The three of them are squirming now.

  ‘And Leia’s charging round the shop, trying to climb up the video shelves!’ Chris makes the scrabbling motion again, his face a mask of open-mouthed terror. ‘And the girl in the shop,’ he leaps up, hunching his shoulders and crying out in a high-pitched voice, ‘she’s screaming, I DON’T LIKE DOGS! And I’m chasing Leia all round the shop yelling at her, but she’s possessed!’

  Cathy pushes in, ‘She destroyed all the shelves—DVDs and videos everywhere—and knocked a little boy over!’

  Margaret cries, ‘The general manager of Video Ezy in Sydney rang the Rundle Council to complain!’

  Mandy has been smiling as she listens, but now she simply watches the three of them—Chris laughing with his head back, Margaret and Cathy tittering.

  Eventually Margaret says, ‘Anyway, she’s been very good since then. Haven’t you, Leia. Yes.’ And she tears a lump of bread and feeds it to the dog.

  ‘Till the biting,’ snorts Cathy into her glass, giggling again.

  Margaret has noticed Mandy sitting silent across the table, tilting her wine glass on its base, turning it in small circles on the table.

  ‘It was back before Christmas, love—in November, I think,’ says Margaret, her voice steadying. She casts her gaze to the ceiling, trying to remember the date, as if a specific chronology will somehow ease the tension that has suddenly stretched over the moment.

  ‘I think you were in—’ she searches her mind again, flushing—‘Oh. I’m not sure. Baghdad, I suppose.’

  She shoots a testy glance at Cathy, who is still snickering with Chris and pawing the air. Chris catches Margaret’s frown, and looks at Mandy, and stops laughing.

  Mandy smiles tightly. She feels the muscles in her face.

  For most of November she had been trying to get into Basra. A quick, rainy pattern of images and sensations ripples through her—the juddering of the car, the nights peppered with brightness.

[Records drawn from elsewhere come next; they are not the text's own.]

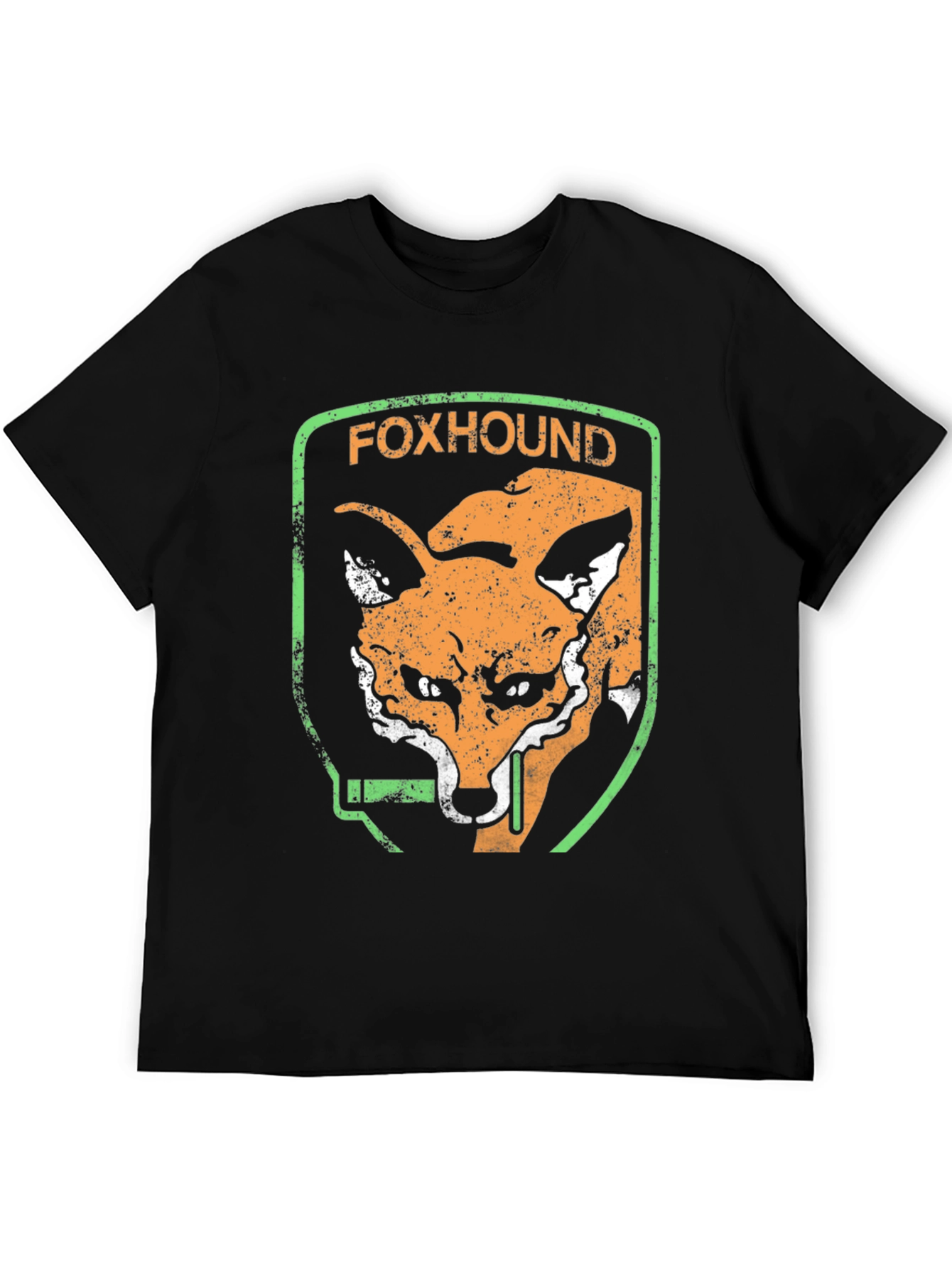 Foxhound Graphic T-Shirt - Retro Style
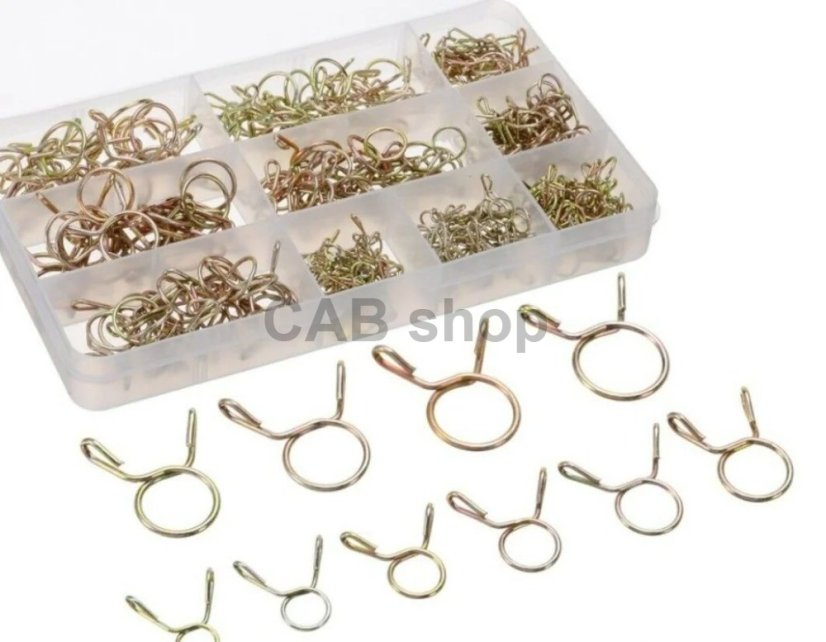 Sada svorek na hadice 250ks set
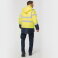 Parka alta visibilidad 4 en 1 reciclada unisex WK660. .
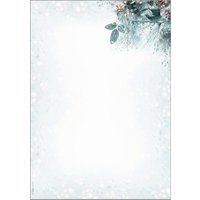 sigel Weihnachts-Motiv-Papier Eucalyptus magic, A4, 90 g/qm – Bild 2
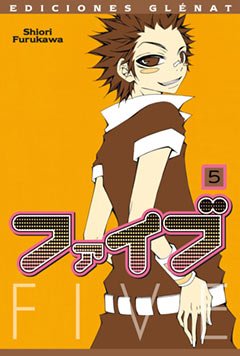 FIVE 5 (SHOJO MANGA)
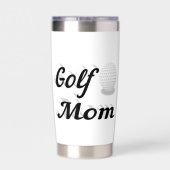 Golf-Mama Thermobecher (Rückseite)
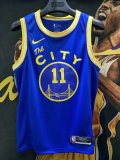 NBA Warrior blue Thompson No. 11 1:1 Quality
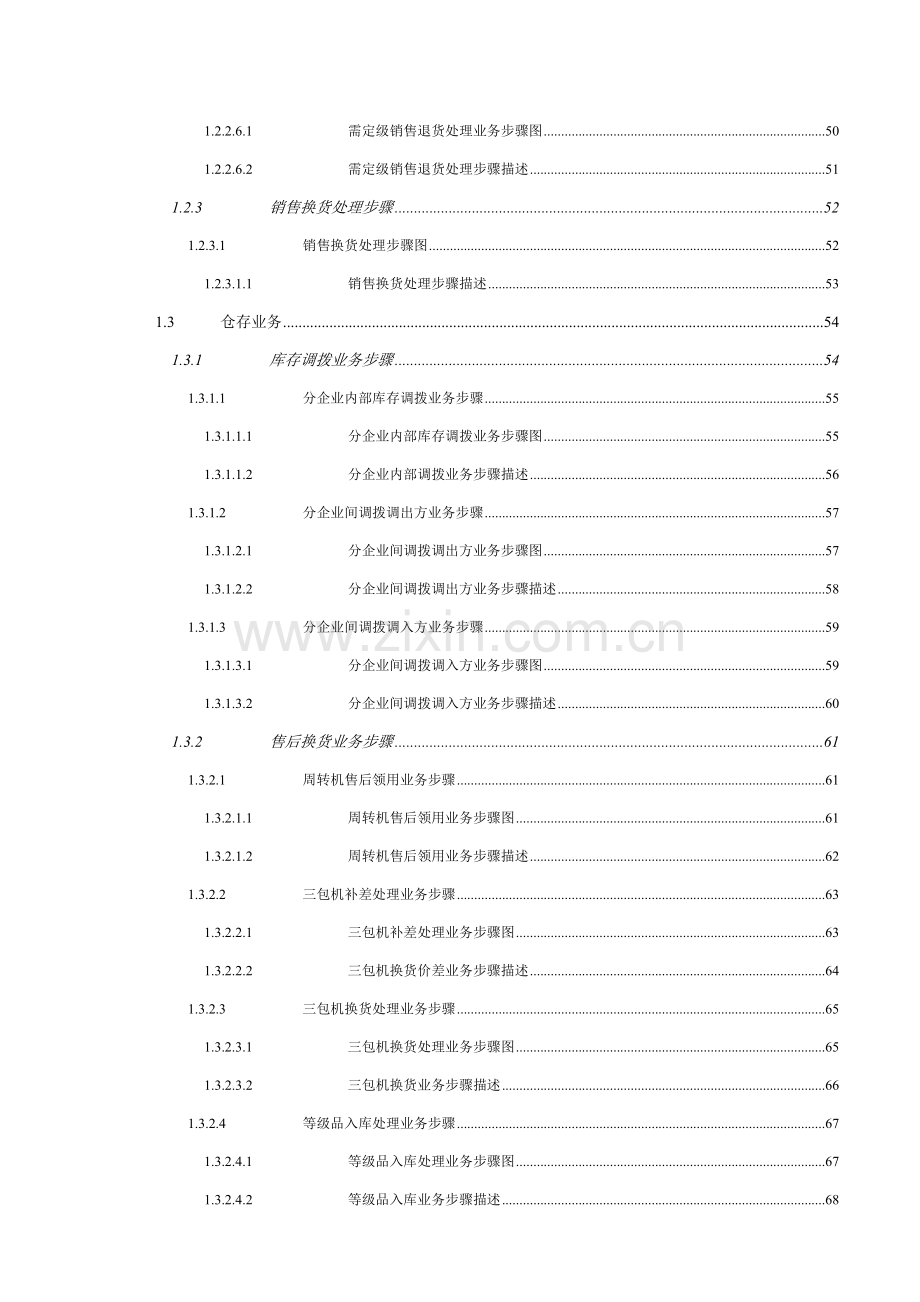 新版集团内控及业务流程详细案例模板.doc_第3页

Adrenaline a taste in her saliva for days. The dead dogs rotting. She had not told Chris or her parents she went to Basra, and if they had seen any reports on television they didn’t notice hers. Or had forgotten.

  She leans across the table to collect their empty plates. ‘I didn’t know you were all here together then. I would have phoned,’ she says, standing. She grips the plates and turns toward the kitchen. Her father lies lifeless in a hospital bed, and they are telling dog stories.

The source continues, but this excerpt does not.